Our newest Super Moderator, @JasKinasis may have some input for you

(he will receive a ping to that effect)
 
Great. Is there some advantage re USB type mic compared to a mic that plugs directly into a sound card access. I am thinking for Mint to recognise the mic
Typically, the microphone input on the motherboard is quite noisy - especially on older machines. It’s ok for connecting a headset for voice chat. But it’s normally not great for recording things.

You can mitigate/remove the noise from recordings in Audacity, by taking a noise profile from a silent area of the recording and then applying that to your entire recording. That can reduce/remove noise from any recordings.

Good quality USB microphones usually provide much better sound/signal with less noise - I have a Blue Snowball, which is a pretty good, reasonably priced USB microphone.

But for audiophiles and professional musicians/podcasters/streamers, you could go one step beyond that and get a USB sound interface allowing you to plug in one or more real, professional, studio quality microphones. The advantage with a USB interface and professional microphones is that the USB interfaces often have good quality pre-amps built in - allowing you to get the best possible signal levels/sound from your microphones. Meaning less digital amplification/processing is required and a better signal-to-noise ratio.

USB audio interfaces range in price, a cheap, second hand interface with two microphone inputs can cost as little as £15-£20. Brand new, probably £50 and up. But for the higher spec multi-channel interfaces, the sky’s the limit.

You can also get analogue and digital USB mixing desks with a USB interface built in.
Again, prices vary tremendously. As do the specs. A mixing desk will allow you to mix multiple sources. Some USB mixing desks will allow you to send all microphone/aux inputs as individual tracks via USB, to allow you to make multi-track recordings using a DAW. Others only send the main L-R outputs via USB, so you have to pre-mix everything and you can record the pre-mixed output from the desk. Others support both.
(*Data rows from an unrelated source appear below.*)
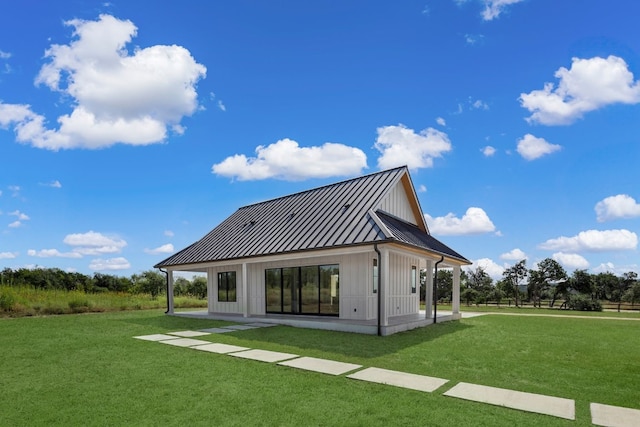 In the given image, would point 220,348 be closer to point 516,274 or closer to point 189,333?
point 189,333

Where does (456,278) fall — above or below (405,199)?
below

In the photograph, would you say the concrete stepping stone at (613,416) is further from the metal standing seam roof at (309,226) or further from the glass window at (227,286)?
the glass window at (227,286)

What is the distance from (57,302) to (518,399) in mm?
19301

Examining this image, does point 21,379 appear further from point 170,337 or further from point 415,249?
point 415,249

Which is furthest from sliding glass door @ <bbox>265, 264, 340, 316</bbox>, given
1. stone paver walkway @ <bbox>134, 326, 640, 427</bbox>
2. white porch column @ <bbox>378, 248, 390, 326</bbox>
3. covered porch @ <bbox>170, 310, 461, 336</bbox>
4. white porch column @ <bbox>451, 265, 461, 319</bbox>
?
white porch column @ <bbox>451, 265, 461, 319</bbox>

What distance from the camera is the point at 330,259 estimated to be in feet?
44.2

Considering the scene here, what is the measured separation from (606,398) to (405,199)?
1183 cm

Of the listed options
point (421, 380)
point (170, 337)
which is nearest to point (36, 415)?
point (421, 380)

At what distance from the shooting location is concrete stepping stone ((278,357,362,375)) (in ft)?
20.8

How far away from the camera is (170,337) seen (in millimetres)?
10227

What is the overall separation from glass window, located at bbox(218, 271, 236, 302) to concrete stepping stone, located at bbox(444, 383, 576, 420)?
12.9 metres

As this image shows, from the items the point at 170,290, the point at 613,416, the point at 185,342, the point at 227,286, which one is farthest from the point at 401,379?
the point at 170,290

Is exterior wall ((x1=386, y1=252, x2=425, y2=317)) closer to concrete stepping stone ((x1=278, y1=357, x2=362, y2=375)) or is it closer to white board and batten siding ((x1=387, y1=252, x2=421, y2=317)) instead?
white board and batten siding ((x1=387, y1=252, x2=421, y2=317))

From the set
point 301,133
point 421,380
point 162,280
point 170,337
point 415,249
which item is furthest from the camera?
point 162,280
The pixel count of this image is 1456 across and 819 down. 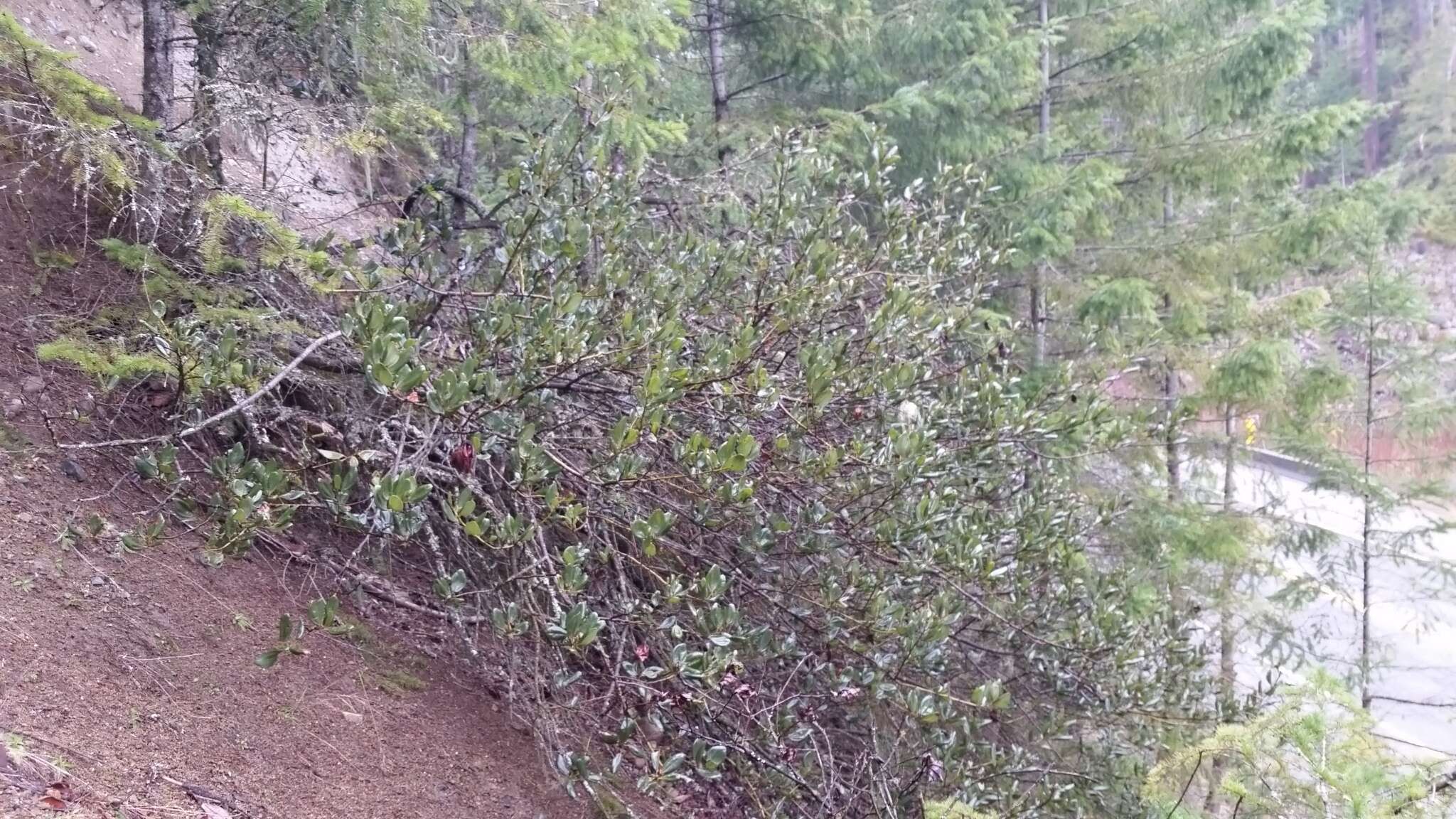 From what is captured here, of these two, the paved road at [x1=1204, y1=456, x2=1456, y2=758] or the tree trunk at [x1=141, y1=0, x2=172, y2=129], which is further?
the paved road at [x1=1204, y1=456, x2=1456, y2=758]

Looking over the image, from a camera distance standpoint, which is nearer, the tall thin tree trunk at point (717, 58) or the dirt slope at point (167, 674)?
the dirt slope at point (167, 674)

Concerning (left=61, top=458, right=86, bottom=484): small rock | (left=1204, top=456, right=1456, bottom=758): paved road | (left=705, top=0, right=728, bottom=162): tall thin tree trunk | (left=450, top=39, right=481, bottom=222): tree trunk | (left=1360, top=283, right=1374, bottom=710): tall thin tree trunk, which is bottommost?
(left=1204, top=456, right=1456, bottom=758): paved road

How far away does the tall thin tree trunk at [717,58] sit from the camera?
7.25m

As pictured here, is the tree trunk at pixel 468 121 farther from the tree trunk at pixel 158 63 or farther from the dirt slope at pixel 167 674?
the dirt slope at pixel 167 674

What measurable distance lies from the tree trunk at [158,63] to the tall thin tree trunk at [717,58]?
4.01 meters

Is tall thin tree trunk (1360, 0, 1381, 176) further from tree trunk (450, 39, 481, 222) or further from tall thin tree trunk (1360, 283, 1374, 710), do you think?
tree trunk (450, 39, 481, 222)

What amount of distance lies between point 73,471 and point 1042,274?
7.56 meters

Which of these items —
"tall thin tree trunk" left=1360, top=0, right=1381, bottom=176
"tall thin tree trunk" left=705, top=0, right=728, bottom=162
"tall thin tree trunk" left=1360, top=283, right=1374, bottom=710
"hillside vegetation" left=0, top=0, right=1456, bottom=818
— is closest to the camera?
"hillside vegetation" left=0, top=0, right=1456, bottom=818

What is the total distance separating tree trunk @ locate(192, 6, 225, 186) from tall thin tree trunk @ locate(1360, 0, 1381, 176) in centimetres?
2993

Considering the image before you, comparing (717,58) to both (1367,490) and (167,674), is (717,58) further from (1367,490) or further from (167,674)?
(1367,490)

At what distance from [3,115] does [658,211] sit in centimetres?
310

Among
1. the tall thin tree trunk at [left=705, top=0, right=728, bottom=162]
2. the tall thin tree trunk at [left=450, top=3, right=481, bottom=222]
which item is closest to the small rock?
the tall thin tree trunk at [left=450, top=3, right=481, bottom=222]

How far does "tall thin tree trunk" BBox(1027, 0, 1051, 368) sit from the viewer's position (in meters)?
8.12

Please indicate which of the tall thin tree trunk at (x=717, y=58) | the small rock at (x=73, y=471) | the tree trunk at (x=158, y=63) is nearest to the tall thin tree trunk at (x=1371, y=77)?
the tall thin tree trunk at (x=717, y=58) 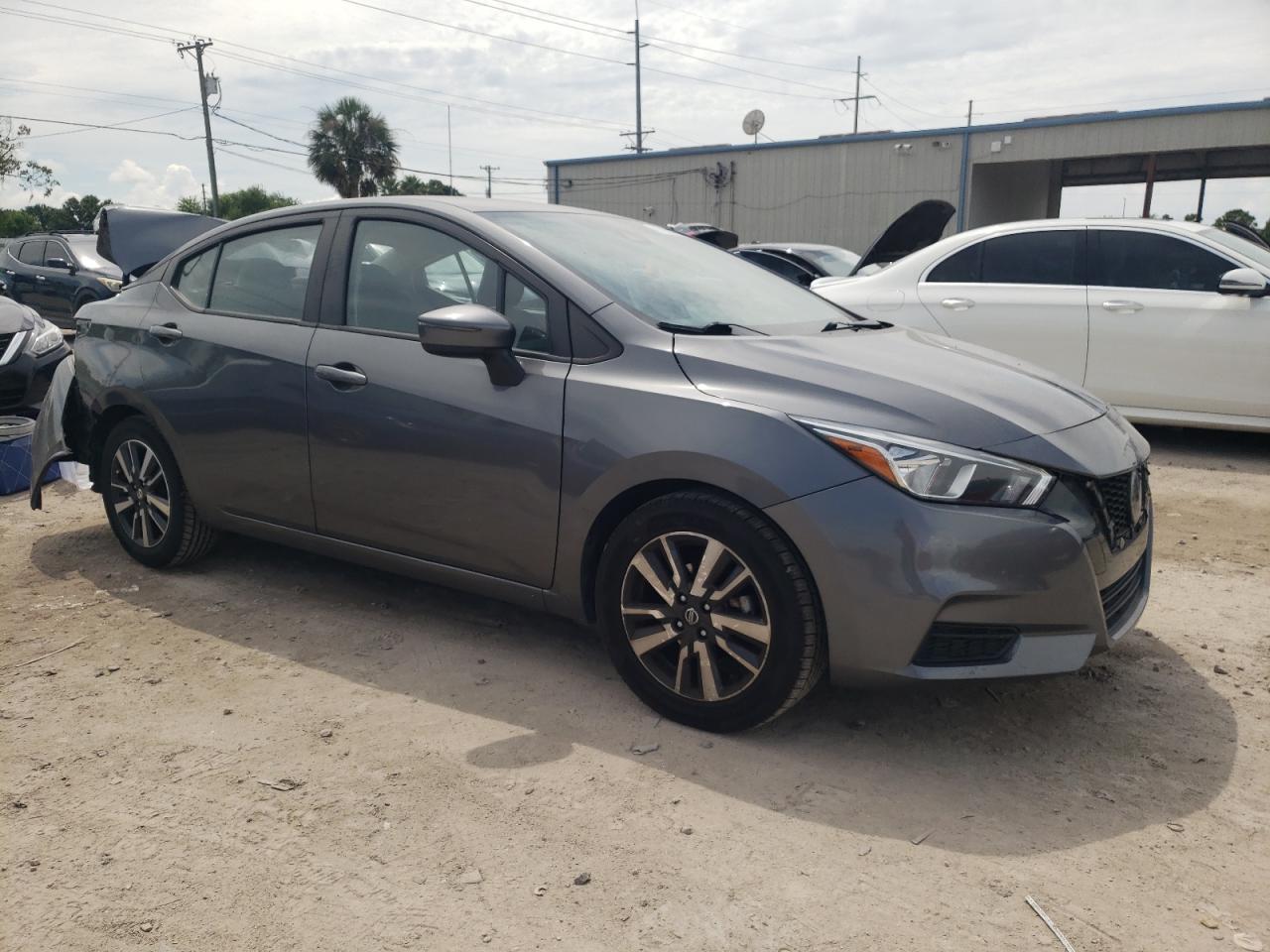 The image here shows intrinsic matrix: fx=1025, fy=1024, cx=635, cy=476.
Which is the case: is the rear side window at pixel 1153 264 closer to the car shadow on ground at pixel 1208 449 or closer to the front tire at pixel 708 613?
the car shadow on ground at pixel 1208 449

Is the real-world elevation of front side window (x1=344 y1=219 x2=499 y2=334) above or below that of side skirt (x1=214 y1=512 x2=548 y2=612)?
above

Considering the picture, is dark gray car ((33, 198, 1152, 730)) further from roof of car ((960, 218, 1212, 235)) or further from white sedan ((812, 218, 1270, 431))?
roof of car ((960, 218, 1212, 235))

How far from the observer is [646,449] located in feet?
9.53

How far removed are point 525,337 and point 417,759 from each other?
1333mm

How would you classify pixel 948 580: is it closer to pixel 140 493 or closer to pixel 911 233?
pixel 140 493

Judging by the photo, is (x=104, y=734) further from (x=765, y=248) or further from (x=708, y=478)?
(x=765, y=248)

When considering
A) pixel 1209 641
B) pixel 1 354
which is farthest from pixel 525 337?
pixel 1 354

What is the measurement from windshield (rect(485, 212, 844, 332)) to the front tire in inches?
28.5

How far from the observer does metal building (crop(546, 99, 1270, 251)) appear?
23500mm

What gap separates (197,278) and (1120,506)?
12.0 ft

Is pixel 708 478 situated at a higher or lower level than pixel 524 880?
higher

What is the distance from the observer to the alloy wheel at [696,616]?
281 cm

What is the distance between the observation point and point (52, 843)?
2.49m

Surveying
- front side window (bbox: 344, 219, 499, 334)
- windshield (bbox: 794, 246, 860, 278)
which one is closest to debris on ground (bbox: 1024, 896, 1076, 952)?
front side window (bbox: 344, 219, 499, 334)
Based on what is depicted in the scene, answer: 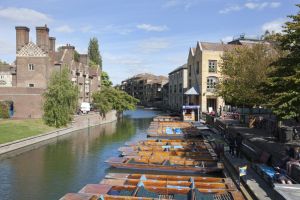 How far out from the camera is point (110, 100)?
209ft

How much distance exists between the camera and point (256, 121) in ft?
123

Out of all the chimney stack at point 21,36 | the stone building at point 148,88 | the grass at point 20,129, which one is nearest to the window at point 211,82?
the grass at point 20,129

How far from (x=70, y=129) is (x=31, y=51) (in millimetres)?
14233

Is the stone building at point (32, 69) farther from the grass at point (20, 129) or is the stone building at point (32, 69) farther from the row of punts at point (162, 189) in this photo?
the row of punts at point (162, 189)

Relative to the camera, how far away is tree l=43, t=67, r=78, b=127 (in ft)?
144

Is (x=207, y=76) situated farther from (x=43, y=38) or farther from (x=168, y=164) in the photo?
(x=168, y=164)

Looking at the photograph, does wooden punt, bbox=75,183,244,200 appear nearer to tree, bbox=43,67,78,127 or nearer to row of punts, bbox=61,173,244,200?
row of punts, bbox=61,173,244,200

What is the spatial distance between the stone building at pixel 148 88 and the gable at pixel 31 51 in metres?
76.2

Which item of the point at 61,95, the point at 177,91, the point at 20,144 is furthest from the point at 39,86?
the point at 177,91

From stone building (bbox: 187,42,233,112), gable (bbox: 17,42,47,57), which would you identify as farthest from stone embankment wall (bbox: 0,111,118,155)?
stone building (bbox: 187,42,233,112)

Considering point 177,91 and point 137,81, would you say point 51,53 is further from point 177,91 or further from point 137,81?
point 137,81

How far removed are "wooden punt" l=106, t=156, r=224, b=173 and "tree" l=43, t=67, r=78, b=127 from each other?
21.2 metres

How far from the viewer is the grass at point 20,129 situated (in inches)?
1329

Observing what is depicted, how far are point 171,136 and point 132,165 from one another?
1601 cm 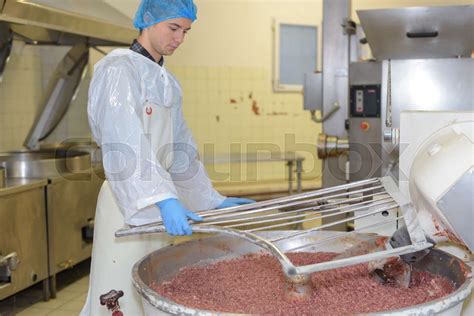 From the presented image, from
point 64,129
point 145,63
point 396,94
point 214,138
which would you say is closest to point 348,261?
point 145,63

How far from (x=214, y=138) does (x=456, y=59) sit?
2725 mm


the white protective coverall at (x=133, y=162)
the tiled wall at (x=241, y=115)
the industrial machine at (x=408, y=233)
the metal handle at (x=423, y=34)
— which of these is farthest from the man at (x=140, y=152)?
the tiled wall at (x=241, y=115)

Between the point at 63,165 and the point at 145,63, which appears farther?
the point at 63,165

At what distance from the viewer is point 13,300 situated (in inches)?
127

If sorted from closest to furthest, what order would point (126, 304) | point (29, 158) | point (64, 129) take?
point (126, 304)
point (29, 158)
point (64, 129)

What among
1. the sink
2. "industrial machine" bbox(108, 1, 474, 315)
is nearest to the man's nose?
"industrial machine" bbox(108, 1, 474, 315)

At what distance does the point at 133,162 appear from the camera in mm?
1701

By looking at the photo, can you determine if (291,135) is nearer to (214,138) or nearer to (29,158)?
(214,138)

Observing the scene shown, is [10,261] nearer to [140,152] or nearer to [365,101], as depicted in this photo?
[140,152]

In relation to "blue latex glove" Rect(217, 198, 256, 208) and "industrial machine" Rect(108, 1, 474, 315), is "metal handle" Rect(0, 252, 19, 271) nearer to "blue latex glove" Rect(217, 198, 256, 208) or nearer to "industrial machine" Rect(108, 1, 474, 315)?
"industrial machine" Rect(108, 1, 474, 315)

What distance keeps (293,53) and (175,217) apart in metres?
4.15

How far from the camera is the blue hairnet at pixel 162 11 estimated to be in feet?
6.23

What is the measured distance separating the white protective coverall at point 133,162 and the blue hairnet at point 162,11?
134 millimetres

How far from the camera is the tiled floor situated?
3068 mm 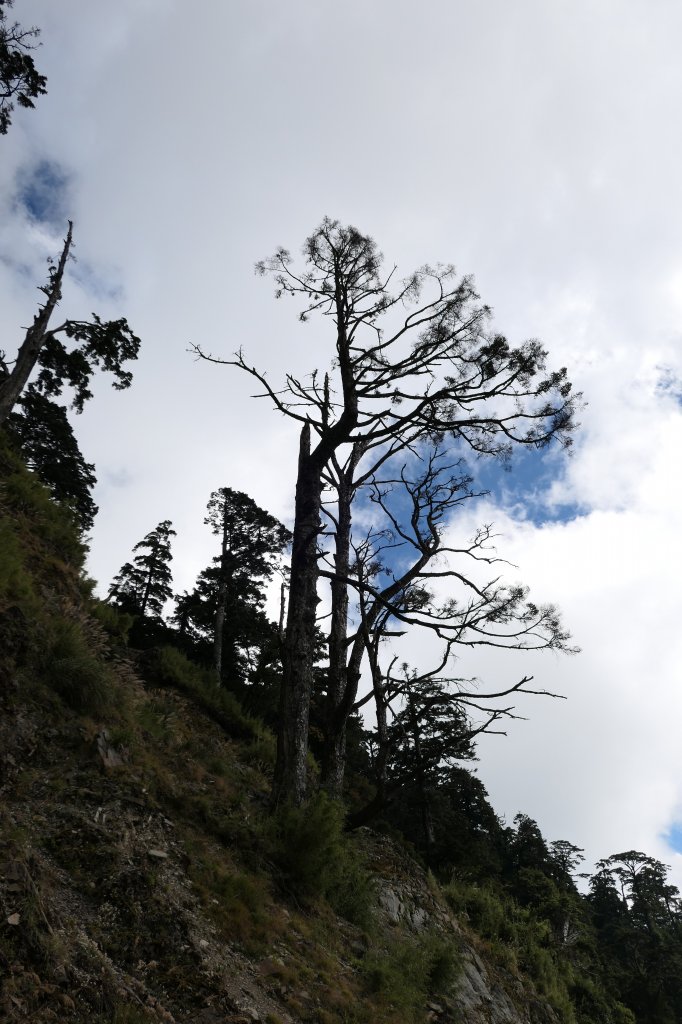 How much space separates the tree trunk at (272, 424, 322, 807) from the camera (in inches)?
258

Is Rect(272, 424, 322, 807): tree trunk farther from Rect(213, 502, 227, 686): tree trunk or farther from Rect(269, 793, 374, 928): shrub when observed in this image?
Rect(213, 502, 227, 686): tree trunk

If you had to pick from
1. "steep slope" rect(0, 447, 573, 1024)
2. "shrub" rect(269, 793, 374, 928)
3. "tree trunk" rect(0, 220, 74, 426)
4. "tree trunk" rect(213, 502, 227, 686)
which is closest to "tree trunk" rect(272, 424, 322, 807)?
"shrub" rect(269, 793, 374, 928)

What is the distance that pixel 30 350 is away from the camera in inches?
599

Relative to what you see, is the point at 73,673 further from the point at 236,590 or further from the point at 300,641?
the point at 236,590

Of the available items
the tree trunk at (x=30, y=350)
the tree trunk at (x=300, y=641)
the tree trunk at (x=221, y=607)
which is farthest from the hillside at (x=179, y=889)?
the tree trunk at (x=221, y=607)

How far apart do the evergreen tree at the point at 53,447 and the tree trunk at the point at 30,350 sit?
8240 millimetres

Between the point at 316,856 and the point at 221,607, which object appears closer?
the point at 316,856

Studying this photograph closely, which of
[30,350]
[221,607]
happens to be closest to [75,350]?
[30,350]

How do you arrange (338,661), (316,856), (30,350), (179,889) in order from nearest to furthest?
(179,889) < (316,856) < (338,661) < (30,350)

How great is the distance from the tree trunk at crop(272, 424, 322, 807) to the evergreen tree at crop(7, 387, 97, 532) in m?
18.5

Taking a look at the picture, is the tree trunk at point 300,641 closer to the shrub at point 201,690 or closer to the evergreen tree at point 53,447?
the shrub at point 201,690

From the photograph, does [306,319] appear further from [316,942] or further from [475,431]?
[316,942]

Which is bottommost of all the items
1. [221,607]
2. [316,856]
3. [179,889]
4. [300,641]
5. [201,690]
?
[179,889]

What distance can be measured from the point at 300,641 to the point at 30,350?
12753 millimetres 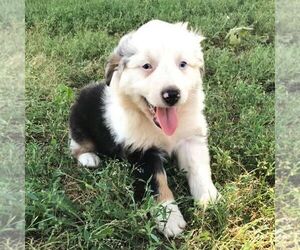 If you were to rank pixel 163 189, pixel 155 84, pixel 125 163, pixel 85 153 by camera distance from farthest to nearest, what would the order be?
pixel 85 153 < pixel 125 163 < pixel 163 189 < pixel 155 84

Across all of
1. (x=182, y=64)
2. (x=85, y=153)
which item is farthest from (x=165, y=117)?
(x=85, y=153)

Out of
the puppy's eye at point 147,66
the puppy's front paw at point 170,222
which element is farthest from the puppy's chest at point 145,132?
the puppy's front paw at point 170,222

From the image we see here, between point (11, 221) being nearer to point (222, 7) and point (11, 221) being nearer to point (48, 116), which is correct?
point (48, 116)

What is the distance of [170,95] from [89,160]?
0.95m

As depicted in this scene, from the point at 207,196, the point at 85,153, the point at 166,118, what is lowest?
the point at 85,153

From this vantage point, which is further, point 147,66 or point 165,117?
point 165,117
Analogue mixers with USB typically only send the main L-R outputs.

Some digital USB mixers can also act as controllers for your DAW. So making adjustments on the desk will affect settings in the DAW.

So you have a whole bunch of options there. It all really depends on what you plan to use the microphone for and what your budget is.

If it’s just for voice chat, then either use a mic into the built in mic port, or use a USB mic.

If you plan to live-stream/podcast - use a USB mic, or a USB interface/mixer with a studio microphones.

And if you’re a musician, use a USB interface/mixer with studio microphones for best results.
 
Typically, the microphone input on the motherboard is quite noisy - especially on older machines. It’s ok for connecting a headset for voice chat. But it’s normally not great for recording things.

You can mitigate/remove the noise from recordings in Audacity, by taking a noise profile from a silent area of the recording and then applying that to your entire recording. That can reduce/remove noise from any recordings.

Good quality USB microphones usually provide much better sound/signal with less noise - I have a Blue Snowball, which is a pretty good, reasonably priced USB microphone.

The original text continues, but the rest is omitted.